> [EXERCISE DIRECTIONS]
Some entries follow. Reproduce exactly the lines starting at the one with "Charles Tyrwhitt Purple" and stopping after the one with "Volvo V60 Cross Country 2025 — Photo 2/20".

> [Data extracted from a collection]
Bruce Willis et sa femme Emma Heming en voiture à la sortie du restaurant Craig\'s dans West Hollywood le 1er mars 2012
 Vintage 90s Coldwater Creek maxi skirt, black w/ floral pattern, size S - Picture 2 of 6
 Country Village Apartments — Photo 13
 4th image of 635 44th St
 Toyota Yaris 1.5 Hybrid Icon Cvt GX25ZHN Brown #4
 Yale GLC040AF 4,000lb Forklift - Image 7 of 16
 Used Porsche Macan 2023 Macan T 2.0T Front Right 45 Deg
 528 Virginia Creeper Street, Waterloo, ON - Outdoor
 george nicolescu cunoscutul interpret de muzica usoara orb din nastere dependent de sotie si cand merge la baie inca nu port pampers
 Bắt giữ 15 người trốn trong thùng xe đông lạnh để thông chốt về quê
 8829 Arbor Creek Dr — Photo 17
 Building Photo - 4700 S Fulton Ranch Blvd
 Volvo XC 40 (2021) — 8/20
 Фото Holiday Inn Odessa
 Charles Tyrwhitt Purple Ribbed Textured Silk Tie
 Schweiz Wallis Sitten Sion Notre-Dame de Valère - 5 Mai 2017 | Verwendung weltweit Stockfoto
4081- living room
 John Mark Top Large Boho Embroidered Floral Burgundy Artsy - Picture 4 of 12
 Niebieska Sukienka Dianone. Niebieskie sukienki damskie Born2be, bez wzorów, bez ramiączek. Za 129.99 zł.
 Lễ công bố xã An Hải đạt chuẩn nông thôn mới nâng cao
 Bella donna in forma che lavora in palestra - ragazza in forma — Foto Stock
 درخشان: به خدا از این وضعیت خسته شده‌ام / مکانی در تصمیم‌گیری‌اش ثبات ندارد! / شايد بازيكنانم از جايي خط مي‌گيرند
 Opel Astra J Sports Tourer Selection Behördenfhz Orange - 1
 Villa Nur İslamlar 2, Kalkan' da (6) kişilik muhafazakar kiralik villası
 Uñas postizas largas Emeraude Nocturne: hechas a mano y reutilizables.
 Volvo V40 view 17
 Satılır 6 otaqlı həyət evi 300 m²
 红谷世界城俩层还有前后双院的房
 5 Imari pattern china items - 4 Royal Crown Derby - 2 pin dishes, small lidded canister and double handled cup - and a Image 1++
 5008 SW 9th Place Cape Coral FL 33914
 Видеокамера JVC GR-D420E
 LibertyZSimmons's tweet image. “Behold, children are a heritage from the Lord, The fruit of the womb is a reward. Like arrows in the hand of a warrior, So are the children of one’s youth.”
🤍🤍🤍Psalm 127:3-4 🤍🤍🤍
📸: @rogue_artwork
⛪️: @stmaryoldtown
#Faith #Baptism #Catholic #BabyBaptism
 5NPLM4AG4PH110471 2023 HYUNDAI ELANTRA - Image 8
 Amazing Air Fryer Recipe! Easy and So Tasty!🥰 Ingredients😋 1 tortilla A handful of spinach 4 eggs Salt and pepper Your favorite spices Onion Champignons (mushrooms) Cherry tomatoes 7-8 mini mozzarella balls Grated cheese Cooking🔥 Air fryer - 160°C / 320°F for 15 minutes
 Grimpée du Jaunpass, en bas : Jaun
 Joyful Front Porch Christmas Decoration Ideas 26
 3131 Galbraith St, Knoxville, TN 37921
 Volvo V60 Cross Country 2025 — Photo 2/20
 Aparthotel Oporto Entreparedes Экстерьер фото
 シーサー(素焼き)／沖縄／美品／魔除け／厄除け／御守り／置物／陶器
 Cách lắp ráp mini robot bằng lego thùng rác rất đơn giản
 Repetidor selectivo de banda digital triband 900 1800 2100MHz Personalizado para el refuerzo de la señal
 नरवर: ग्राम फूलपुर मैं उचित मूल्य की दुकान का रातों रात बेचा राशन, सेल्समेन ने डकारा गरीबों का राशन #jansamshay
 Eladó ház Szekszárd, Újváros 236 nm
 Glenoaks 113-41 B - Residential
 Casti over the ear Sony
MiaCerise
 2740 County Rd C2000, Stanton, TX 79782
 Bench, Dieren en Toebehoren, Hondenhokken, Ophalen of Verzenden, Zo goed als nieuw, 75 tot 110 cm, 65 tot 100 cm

> [WRITTEN REPLY]
 Charles Tyrwhitt Purple Ribbed Textured Silk Tie
 Schweiz Wallis Sitten Sion Notre-Dame de Valère - 5 Mai 2017 | Verwendung weltweit Stockfoto
4081- living room
 John Mark Top Large Boho Embroidered Floral Burgundy Artsy - Picture 4 of 12
 Niebieska Sukienka Dianone. Niebieskie sukienki damskie Born2be, bez wzorów, bez ramiączek. Za 129.99 zł.
 Lễ công bố xã An Hải đạt chuẩn nông thôn mới nâng cao
 Bella donna in forma che lavora in palestra - ragazza in forma — Foto Stock
 درخشان: به خدا از این وضعیت خسته شده‌ام / مکانی در تصمیم‌گیری‌اش ثبات ندارد! / شايد بازيكنانم از جايي خط مي‌گيرند
 Opel Astra J Sports Tourer Selection Behördenfhz Orange - 1
 Villa Nur İslamlar 2, Kalkan' da (6) kişilik muhafazakar kiralik villası
 Uñas postizas largas Emeraude Nocturne: hechas a mano y reutilizables.
 Volvo V40 view 17
 Satılır 6 otaqlı həyət evi 300 m²
 红谷世界城俩层还有前后双院的房
 5 Imari pattern china items - 4 Royal Crown Derby - 2 pin dishes, small lidded canister and double handled cup - and a Image 1++
 5008 SW 9th Place Cape Coral FL 33914
 Видеокамера JVC GR-D420E
 LibertyZSimmons's tweet image. “Behold, children are a heritage from the Lord, The fruit of the womb is a reward. Like arrows in the hand of a warrior, So are the children of one’s youth.”
🤍🤍🤍Psalm 127:3-4 🤍🤍🤍
📸: @rogue_artwork
⛪️: @stmaryoldtown
#Faith #Baptism #Catholic #BabyBaptism
 5NPLM4AG4PH110471 2023 HYUNDAI ELANTRA - Image 8
 Amazing Air Fryer Recipe! Easy and So Tasty!🥰 Ingredients😋 1 tortilla A handful of spinach 4 eggs Salt and pepper Your favorite spices Onion Champignons (mushrooms) Cherry tomatoes 7-8 mini mozzarella balls Grated cheese Cooking🔥 Air fryer - 160°C / 320°F for 15 minutes
 Grimpée du Jaunpass, en bas : Jaun
 Joyful Front Porch Christmas Decoration Ideas 26
 3131 Galbraith St, Knoxville, TN 37921
 Volvo V60 Cross Country 2025 — Photo 2/20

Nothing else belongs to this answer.